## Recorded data
========================================================================
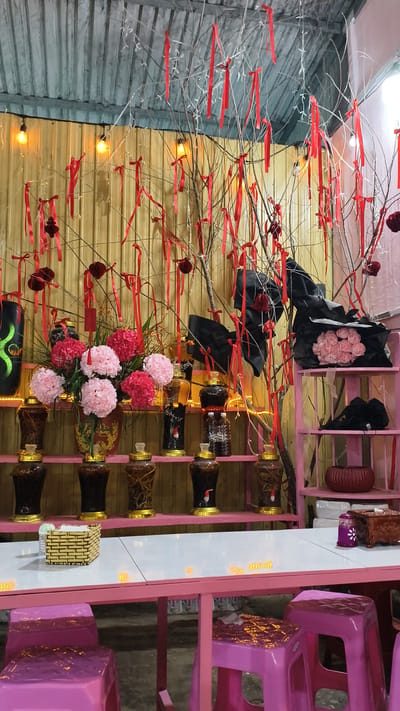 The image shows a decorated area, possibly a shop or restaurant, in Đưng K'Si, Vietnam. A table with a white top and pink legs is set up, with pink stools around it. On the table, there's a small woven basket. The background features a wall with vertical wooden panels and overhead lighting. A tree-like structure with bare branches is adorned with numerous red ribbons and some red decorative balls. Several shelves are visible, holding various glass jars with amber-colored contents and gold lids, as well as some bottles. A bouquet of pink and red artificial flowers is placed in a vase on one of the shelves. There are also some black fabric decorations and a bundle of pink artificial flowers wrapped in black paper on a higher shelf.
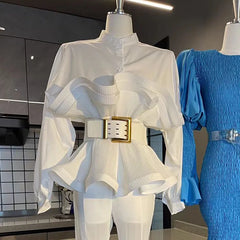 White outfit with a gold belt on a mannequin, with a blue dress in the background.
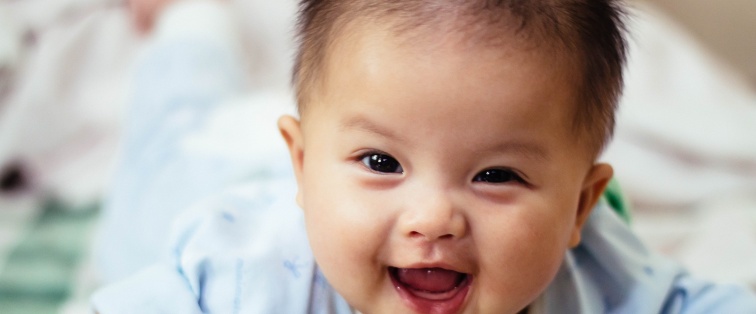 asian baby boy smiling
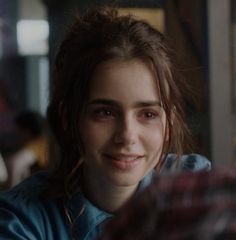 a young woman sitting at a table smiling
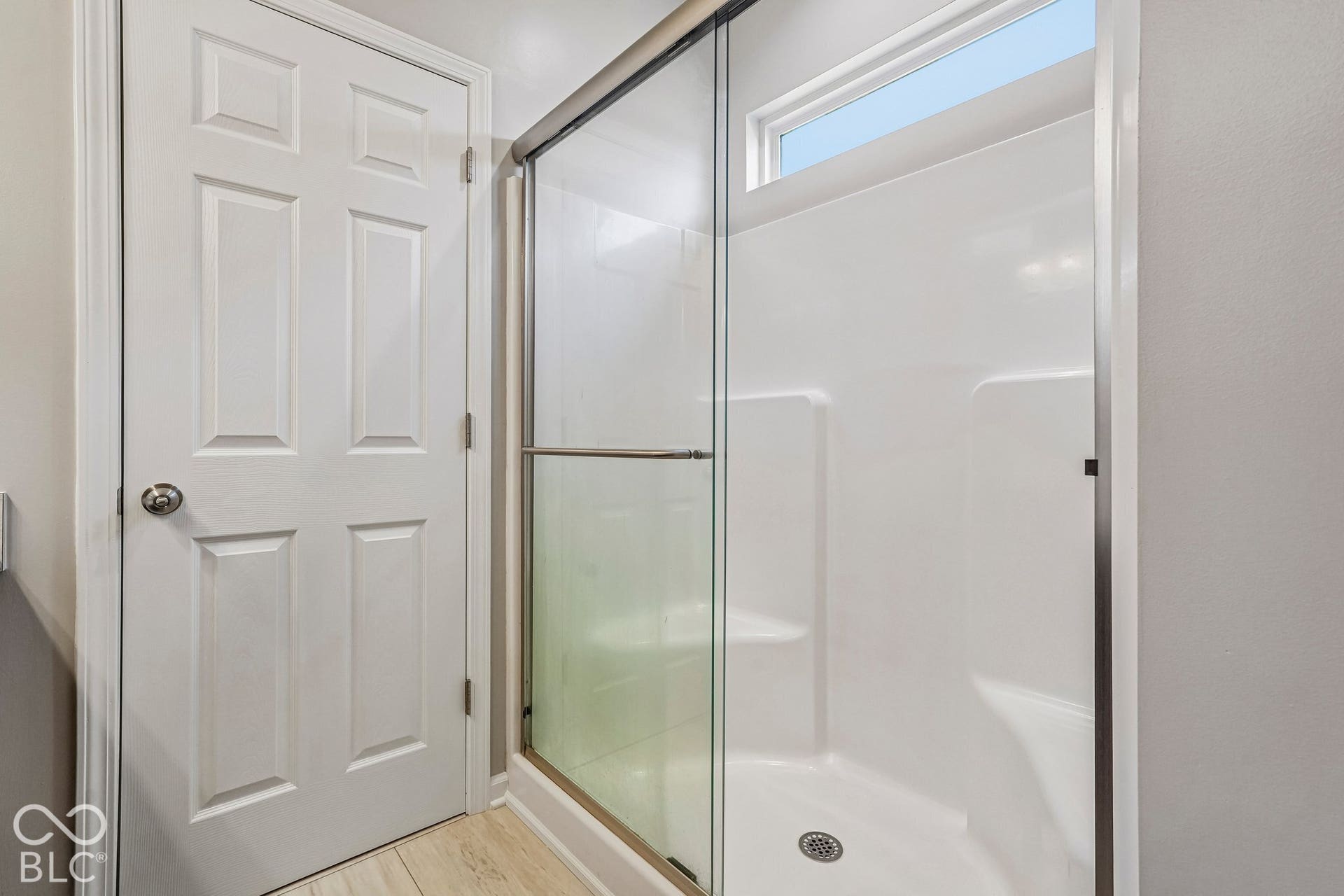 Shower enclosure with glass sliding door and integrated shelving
========================================================================
## Assignment
No pictures go in the copy. Set down all the data exactly.

## Answer box
 The image shows a decorated area, possibly a shop or restaurant, in Đưng K'Si, Vietnam. A table with a white top and pink legs is set up, with pink stools around it. On the table, there's a small woven basket. The background features a wall with vertical wooden panels and overhead lighting. A tree-like structure with bare branches is adorned with numerous red ribbons and some red decorative balls. Several shelves are visible, holding various glass jars with amber-colored contents and gold lids, as well as some bottles. A bouquet of pink and red artificial flowers is placed in a vase on one of the shelves. There are also some black fabric decorations and a bundle of pink artificial flowers wrapped in black paper on a higher shelf.
 White outfit with a gold belt on a mannequin, with a blue dress in the background.
 asian baby boy smiling
 a young woman sitting at a table smiling
 Shower enclosure with glass sliding door and integrated shelving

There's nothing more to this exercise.